カタールのタリバン事務所設置に米が合意

2012.1.5


 military.comによれば、アメリカはタリバンが和平会談事務所をカタールに開設させるため、グアンタナモベイ収容所のタリバン捕虜を釈放することに同意しました。

 捕虜には元タリバン内務大臣のケイルーラ・ケイクワ(Khairullah Khairkhwa)、上級軍指揮官のノルーラ・ノーリ(Noorullah Noori)を含むとガーディアン紙は言いました。アメリカは2002年1月11日以来、グアンタナモベイ収容所に拘束している、危険度の高い拘留者、国防副大臣のムハメッド・ファジル(Mohammed Fazl)を釈放するかも知れませんが、おそらくカタールに引き渡すかも知れません。ファジルは1998〜2001年に数千人のアフガニスタンの少数派、シーア派を殺害したとされます。他には、情報担当者のアブドル・ハク・ワジク(Abdul Haq Wasiq)と財務官のモハメッド・ナビ(Mohammed Nabi)の釈放が検討されています。ホワイトハウス広報官は、審議が進行中であることを理由に明言を避けました。タリバンが2009年6月に捕虜にした米陸軍のバウ・バグダール上等兵(Pfc. Bowe Bergdahl・25歳)を釈放するかは明らかではありません。

 「このステップを踏むためには、オバマ政権はタリバンが等価のもので報いるという十分な確信が必要です」と元オバマ政権のアフガン和平交渉顧問のヴァリ・ナスル(Vali Nasr)は言いました。「それは本当に危険なものになろうとしています」「グアンタナモは政治的に非常に敏感な問題です」。元欧州連合のアフガン特使、マイケル・センプル(Michael Semple)は、囚人の釈放は選挙の年であっても、オバマ大統領に政治的に妥当だと考えると言いました。「アフガンでの金がかかる戦争が終わるという見通しは、オバマ政権がそれと共に前進するために十分に魅力的です」とセンプルは言いました。「もし、5人全員が戦いに再び参加するために、まっすぐクェッタ(パキスタンのタリバン拠点)に戻ったとしても、大きな違いは生じないでしょう」。

 military.comによれば、カルザイ大統領はカタールにタリバンの事務所を設置することに同意しました。

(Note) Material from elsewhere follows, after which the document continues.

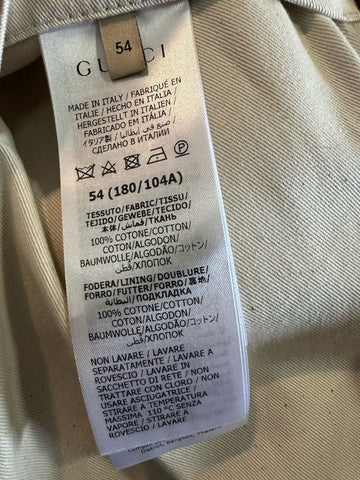 NWT $1980 Gucci Men's Striped Jersey Sweatshirt Pullover Navy M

 こんな結末でも誰も文句を言う気にならないところに、この戦争の問題があります。太平洋戦争後に日本人が「敗戦」という言葉を使わず「終戦」を言い換え、大きな台風が過ぎ去ったかのように感じたことに似ています。元々の目的はテロリズムの根絶であり、それはテロ組織の殲滅によってのみ解決されるというのがブッシュ政権の対テロ政策でした。しかし、巨大ハリケーンや経済危機は,そんな金のかかる戦争を続けることを不可能にしたため、オバマ政権が戦略を転換しました。そこで強化されたのが、タリバンとの和平です。

 もともと、タリバンはアメリカに対する脅威ではありませんでした。アルカイダを匿ったので一まとめにテロ組織とされたのです。タリバンにとって、アメリカとの対決は政治目的ではなく、アフガンやパキスタンで自分たちの政治目的を達成することに主眼を置いています。

 こうして見ても、アフガン戦の戦略は滅茶苦茶でした。そして、この和平交渉もうまく行くかどうかは分かりません。パキスタンとの関係も複雑で、未来を見通すことはできそうにありません。到底、正常な戦争の終わりではないのですが、そう見えるように舞台を作るのがオバマ政権の仕事なのです。